Three Big Leadership Mistakes I Have Made

My Three Top Leadership Mistakes

In my inexperience, I have endured more leadership failures than I care to bring to your attention. The only good thing that comes from failure is when you learn from your mistake and figure out how to make better decisions in the future.

Mistake Number One. This is the biggest mistake I kept making over and over. I expected that the people who were working for me would behave as I would in any given situation. With this naïve thought, I believed those coming alongside me believed in my mission, would be motivated by achieving my goals, be people of integrity, and serve to the best of their abilities. In other words, they would do what I would do.  I mistakenly thought that my heart would be safe in their hands. I discovered that this was not the case, not at all. People have their own agendas, their own way of accomplishing what they want and will do what they want even when they know it’s not what you want. When hiring, do your due diligence, closely examine their track record, what they have done in the past will be most likely the behavior you will experience in the future. But even this is not insurance against being betrayed. No one will do the job that you are doing, the way you know it is to be done, no one. Be vigilant.

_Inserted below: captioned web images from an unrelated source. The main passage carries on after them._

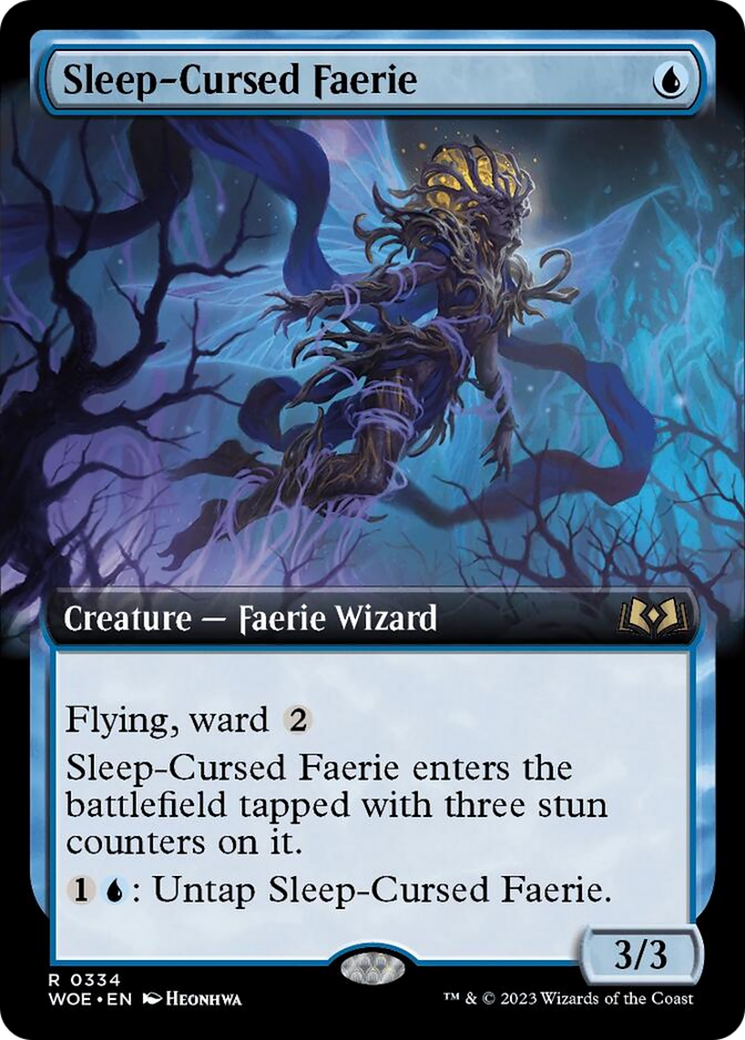 Sleep-Cursed Faerie (Extended Art) [Wilds of Eldraine] | Good Games Morley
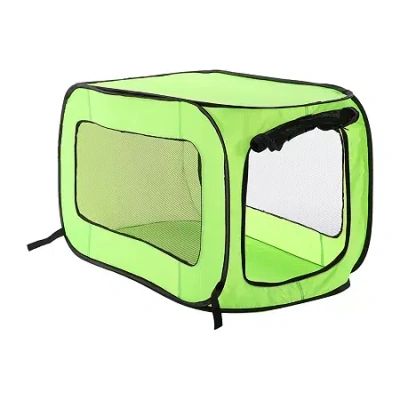 Beatrice Home Fashions Solid Pop Up Kennel Dog Crate In Green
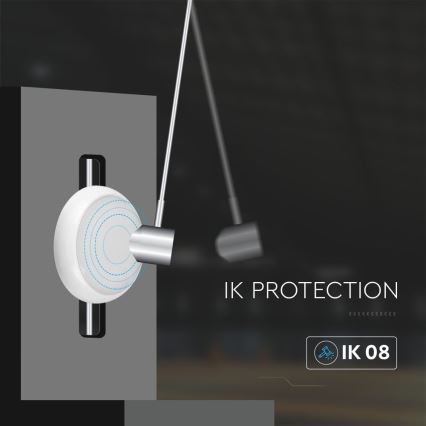 LED Stropna panik svjetiljka sa senzorom LED/8W/16W/20W/230V IP65 3000/4000/6500K pr. 32 cm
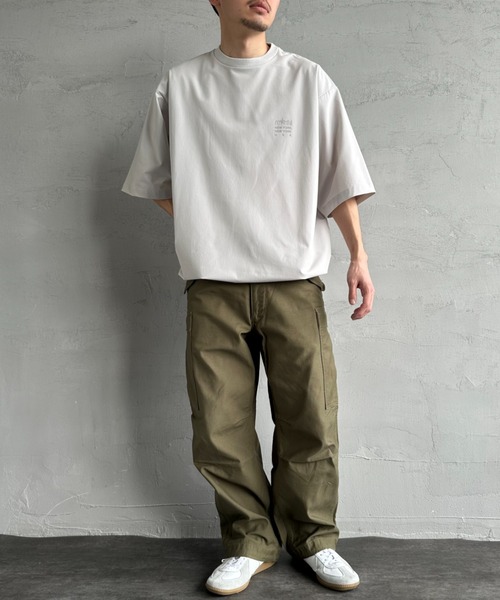 Manhattan Portage（マンハッタンポーテージ）の「【WEB先行予約】[MANHATTAN PORTAGE/マンハッタンポーテージ] 別注 4WAYストレッチ バックプリントTシャツ（Tシャツ/カットソー・レディース・ライトグレー/チャコール/ブラック・XL/L/M）」の19枚目の写真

Mistake Number Two. A failures to communicate kept taking me by surprise. I thought I was clear, I said it once, you shook your head, how can there be a communication problem. After all the entire task to be accomplished, the how and the when and the why are clearly in my head. What I have come to realize is that it takes a minimum of seven times before anyone really hears you. In addition to having to repeat and check for their listening responses, you must communicate what you need to be done in such a way that they understand what they will gain if there is a success and what they stand to lose if they are not successful. This must be done in a spirit of encouragement, not in a threatening tone. No real leader needs or wants to micromanage, so be prepared to explain what you want to be done several times, several ways and then follow up on several occasion asking if there is a need for clarification. It is wise to consider explaining why you need something done, show them the big picture, this gives a person flexibility to respond to dynamic circumstances.

Mistake Number Three has to deal with motivation. You can have God’s plan, you know how to do it God’s way, you have vision and enthusiasm, and you can’t get a soul to get excited about what you know is vital to be carried out. You can set the example, you can delegate authority, give them autonomy, but people are not motivated until they have an answer to the question “What’s in it for me?” You must present what you require to be done by aligning their interests with yours. How does their completion of a your task benefit them? Answering that question makes your goal, their goal which results in achieving our goal. Knowing that you have a stake in the outcome is a good motivator. As a leader you will have to follow up on their progress, recognizing their work in moving in the right direction. People like to be praised for their efforts.  Frequent progress reports are very important to keep the motivated motivated.

Three big leadership mistakes I have made are expecting people to behave the way I would behave; failing to continually communicate what, when, how, and, why something needs to be accomplished; and failure to motivate individuals by allowing them to see what’s in it for them. It’s my hope is by telling you how I have mislead, that you will avoid making the same mistakes as you lead your team.